__Task description__:
Would you return the lines between the one holding "Laptop Apple MacBook" and the one holding "Deluxe room with desk and bed", inclusive, and only those, exactly as they stand in the listing below?

__Data under study__:
= Beginning of Section =

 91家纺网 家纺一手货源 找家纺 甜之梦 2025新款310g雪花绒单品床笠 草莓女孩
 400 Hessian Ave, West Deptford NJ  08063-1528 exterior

= End of Section =
= Beginning of Section =

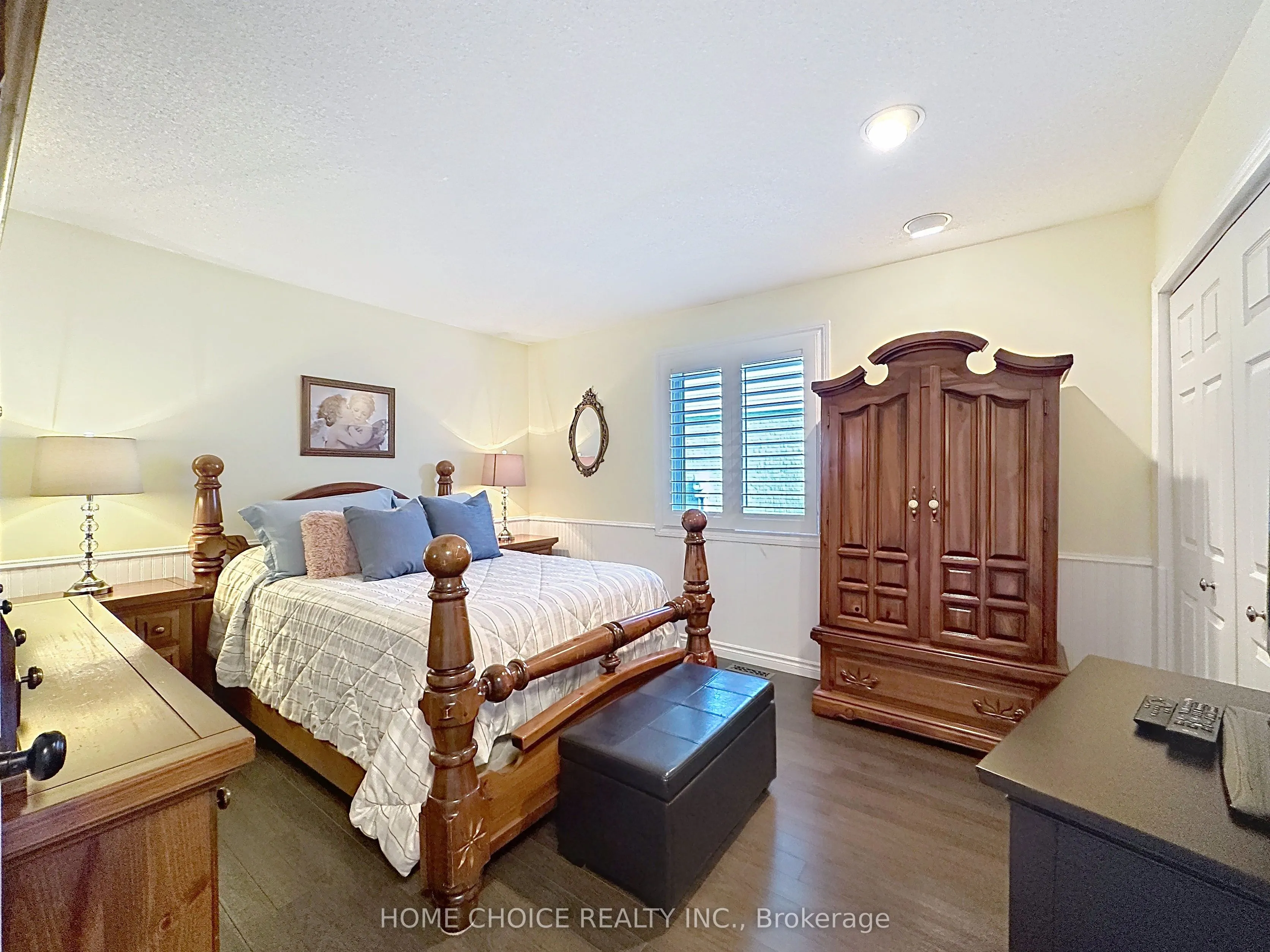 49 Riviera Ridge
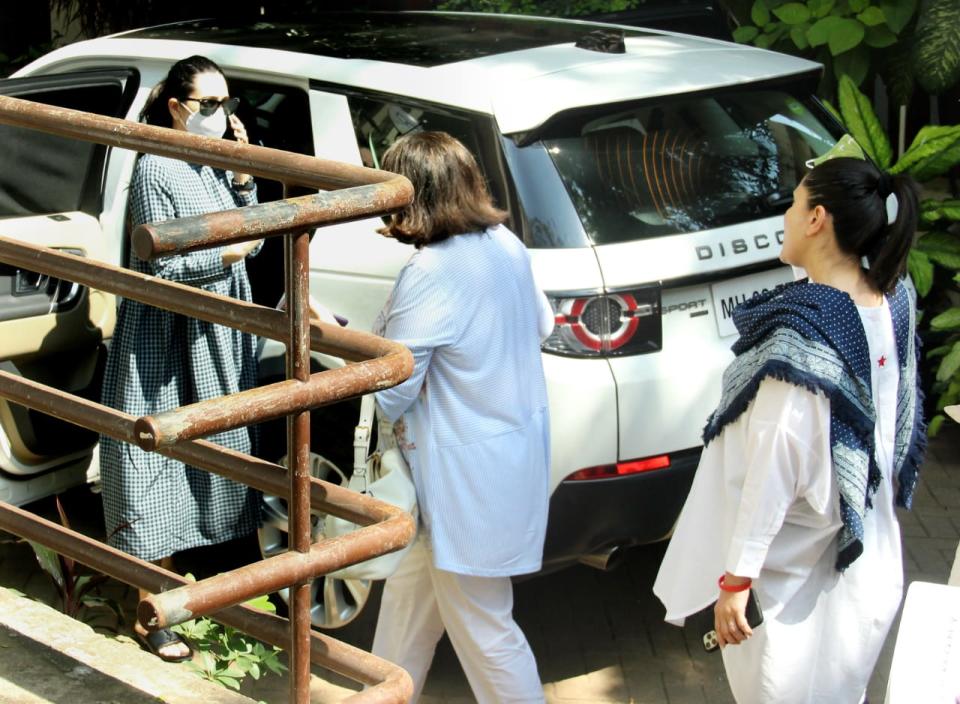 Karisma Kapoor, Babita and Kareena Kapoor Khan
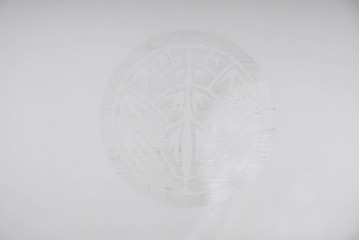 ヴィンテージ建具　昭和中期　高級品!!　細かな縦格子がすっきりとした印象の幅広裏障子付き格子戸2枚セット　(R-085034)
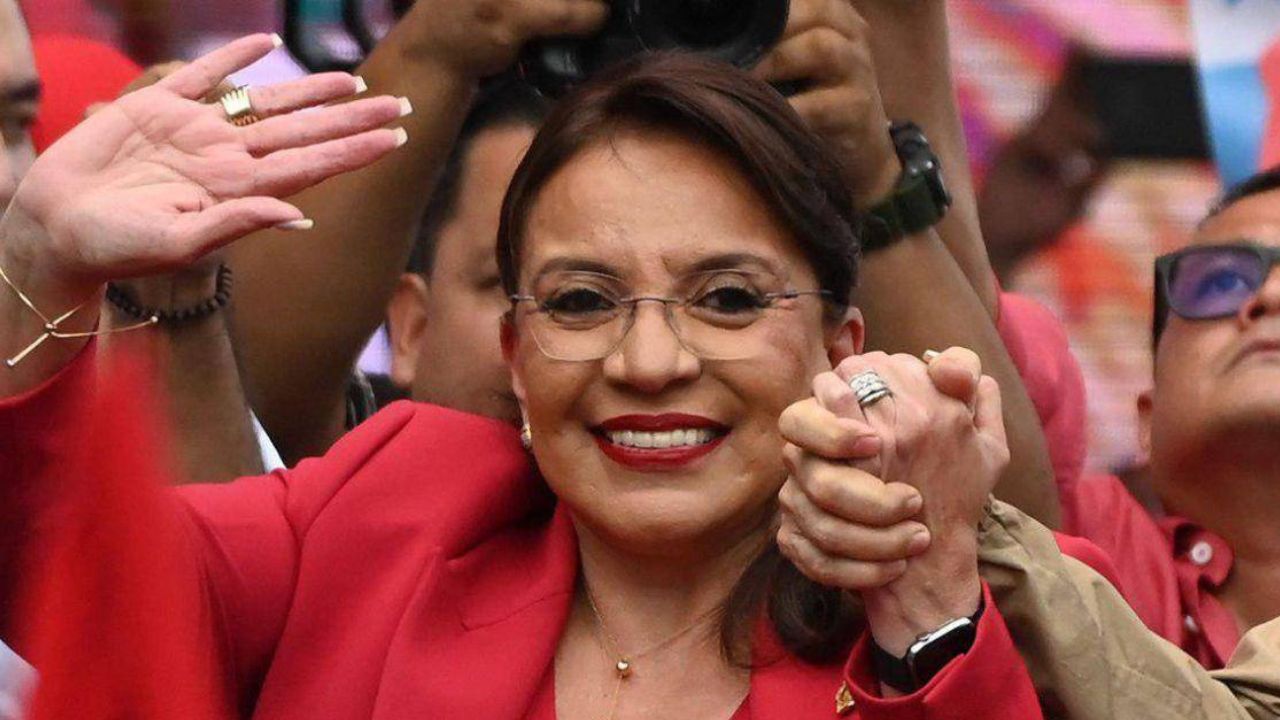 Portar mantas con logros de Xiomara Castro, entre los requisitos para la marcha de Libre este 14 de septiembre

= End of Section =
= Beginning of Section =

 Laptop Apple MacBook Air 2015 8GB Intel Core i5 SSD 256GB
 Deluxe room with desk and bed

= End of Section =

__Response area__:
 Laptop Apple MacBook Air 2015 8GB Intel Core i5 SSD 256GB
 Deluxe room with desk and bed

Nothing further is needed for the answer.